[Math] In what sense is propositional logic “zeroth-order logic?”

Question

The Wikipedia page on the propositional calculus says that another name for it is "zeroth-order logic." This sort of makes sense to me, but appears to break down in some pretty crucial ways with logical connectives.

The idea is that the propositions of propositional logic can be thought of as predicates of "zeroth order." They take in no input and can be thought of basically as "constant $\{0,1\}$-valued functions." First-order predicates take these as input. Second-order predicates take in either first-order predicates or zero-order predicates as input. And so on.

This gets weird as it pertains to logical connectives, though. In propositional logic, the objects really are thought to be "constant functions" in that they are considered to have a true or false value, and we can apply logical connectives to them. But if we are considering these to be the things that first-order predicates take as arguments, how does this sense? In first-order PA, for instance, the objects are basically just numbers. But if these are supposed to be "zeroth-order predicates," what meaning does $(12 \lor 13) \land (14 \lor \lnot 15)$ have?

It is kind of strange to think of logical connectives as applying to all predicates of order > 0, unless you're working in "zeroth-order logic," at which point they apply there as well. Is there some neat way to make sense of precisely how things are related here?

Answer 1

This gets weird as it pertains to logical connectives, though. In propositional logic, the objects really are thought to be "constant functions" in that they are considered to have a true or false value, and we can apply logical connectives to them. But if we are considering these to be the things that first-order predicates take as arguments, how does this sense? In first-order $PA$, for instance, the zeroth-order predicates are basically just numbers. What meaning does $(12 \vee 13)\wedge(14\vee \neg 15)$ have?
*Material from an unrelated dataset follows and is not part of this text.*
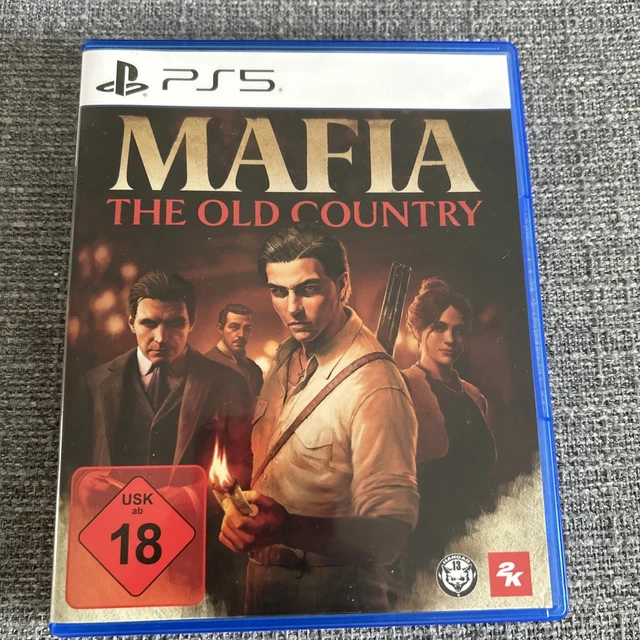 Jeu Mafia: The Old Country Sur PS5 - Édition Comme Neuve, Année 2025, Action Et Aventure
The emphasized part is very misleading. We don't generally take our constants to be "zeroth-order" predicates, but rather $0$-ary functions (and even that is not forced). An $n$-ary predicate takes an $n$-tuple and returns a truth-value, whereas an $n$-ary function takes $n$-tuples and returns an object of the domain, so it's natural to identify $0$-ary functions with constants. But then the constants will not be "zeroth-order" predicates!

EDIT: You also seem confused by the definition of "zeroth-order" logic, first-order logic, etc. Basically, a logic is of the $n$th-order if no variable of order $n+1$ is quantified, where the order of the variables can be defined recursively by setting a (relational) type hierarchy as follows:

• $o, i$ are types of order $0$ and $1$, respectively (they are, respectively, the types of the truth-values and of the individuals);
• if $\tau_1, \dots, \tau_n (n \geq 1)$ are of any type except $o$, then $\langle \tau_1, \dots, \tau_n\rangle$ is a type of order $1 + max\{ord(\tau_1), \dots, ord(\tau_n)\}$. Intuitively, $\langle \tau_1, \dots, \tau_n\rangle$ is the type of $n$-ary relations with arguments from $\tau_1, \dots, \tau_n$. So, for instance, first-order $n$-ary relations are variables of type $\langle i, \dots, i\rangle$ (that's $n$ $i$'s) and order $2$.

So first-order logic is so-called because no variable of the second order is quantified. Similarly, a zeroth-order logic is so-called because no variable of order $1$ is quantified (i.e. we don't quantify over indviduals). Note further that relation variables take individuals, not truth-values, as inputs.